WHAT THIS TASK INVOLVES: This exercise calls for duplicating every entry below exactly, without the images.

─── PROVIDED ENTRIES

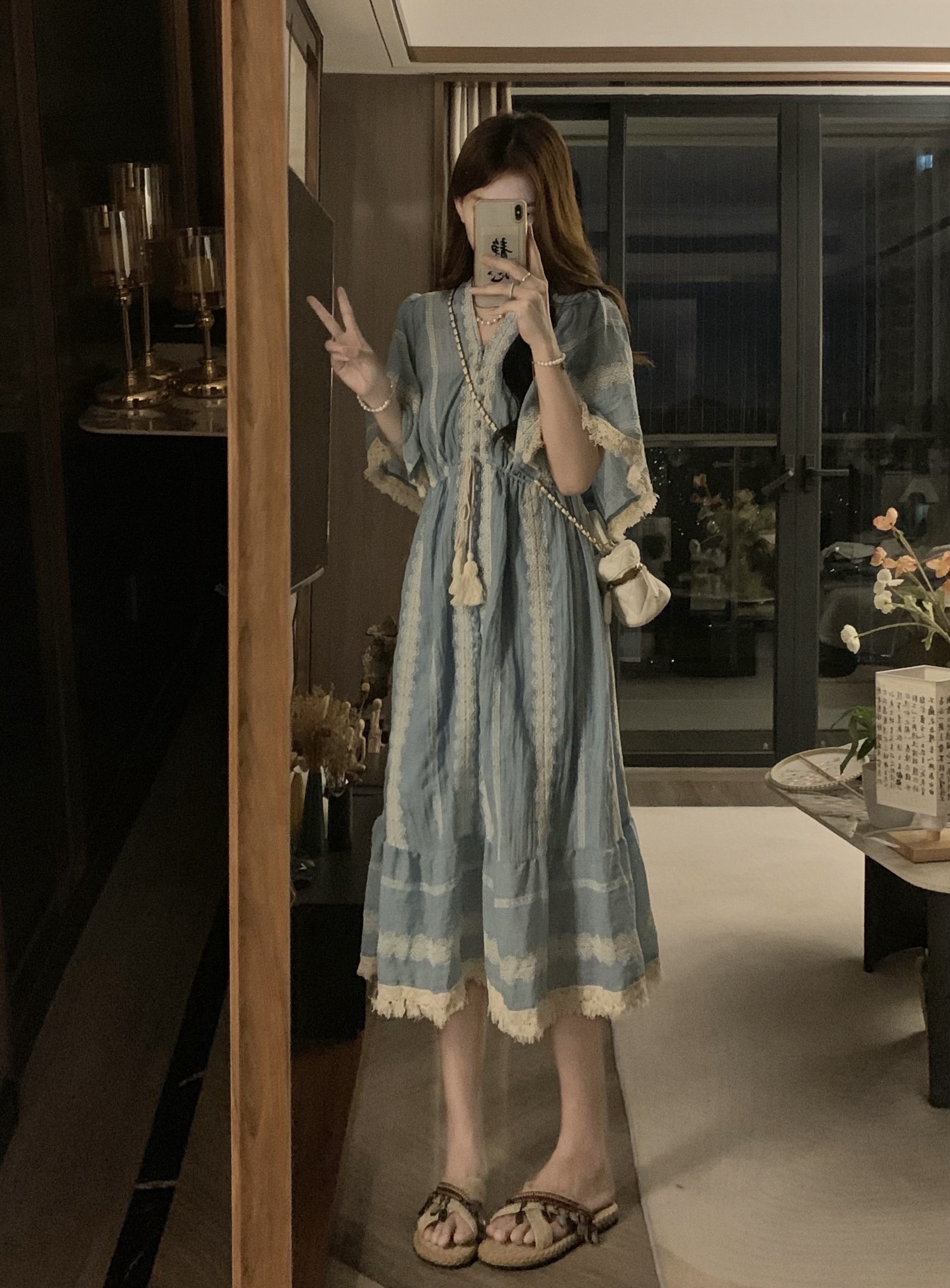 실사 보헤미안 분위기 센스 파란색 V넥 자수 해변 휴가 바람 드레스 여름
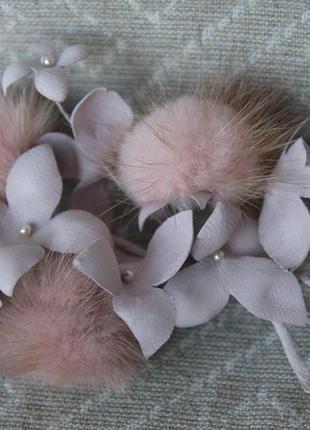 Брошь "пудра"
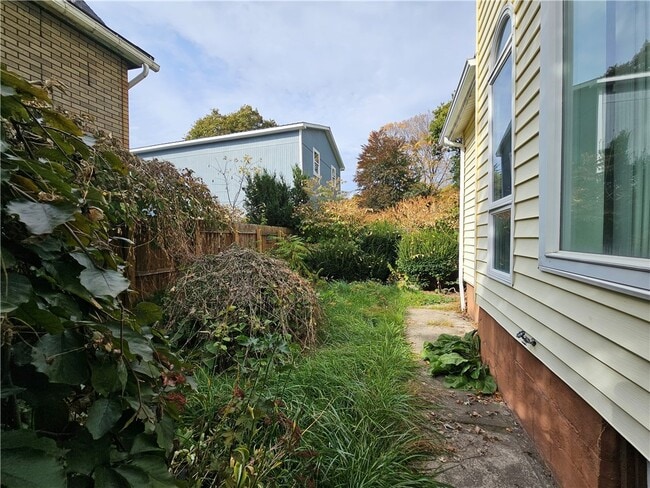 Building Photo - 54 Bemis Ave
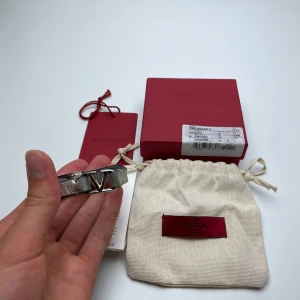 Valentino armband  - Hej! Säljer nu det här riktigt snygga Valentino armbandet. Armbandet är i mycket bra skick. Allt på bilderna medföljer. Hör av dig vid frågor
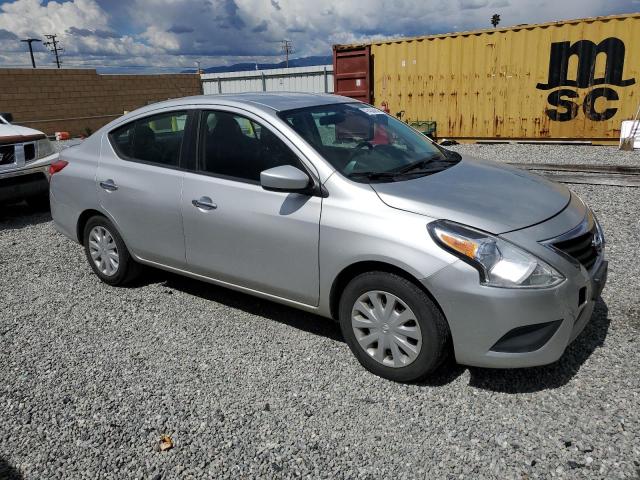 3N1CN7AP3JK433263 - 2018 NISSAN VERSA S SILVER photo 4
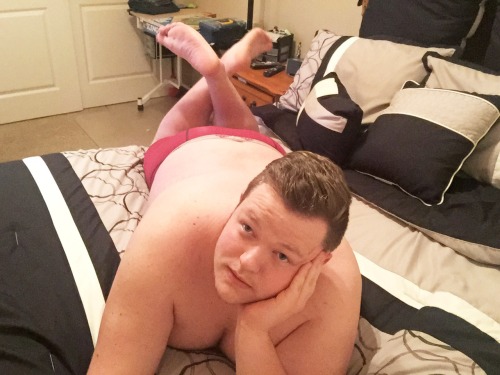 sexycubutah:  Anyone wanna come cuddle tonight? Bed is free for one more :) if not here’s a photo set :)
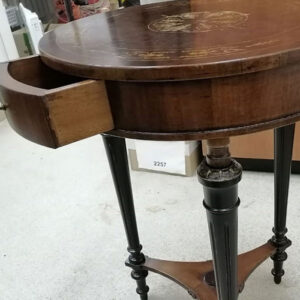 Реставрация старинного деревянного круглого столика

──────

ANSWER:
 실사 보헤미안 분위기 센스 파란색 V넥 자수 해변 휴가 바람 드레스 여름
 Брошь "пудра"
 Building Photo - 54 Bemis Ave
 Valentino armband  - Hej! Säljer nu det här riktigt snygga Valentino armbandet. Armbandet är i mycket bra skick. Allt på bilderna medföljer. Hör av dig vid frågor
 3N1CN7AP3JK433263 - 2018 NISSAN VERSA S SILVER photo 4
 sexycubutah:  Anyone wanna come cuddle tonight? Bed is free for one more :) if not here’s a photo set :)
 Реставрация старинного деревянного круглого столика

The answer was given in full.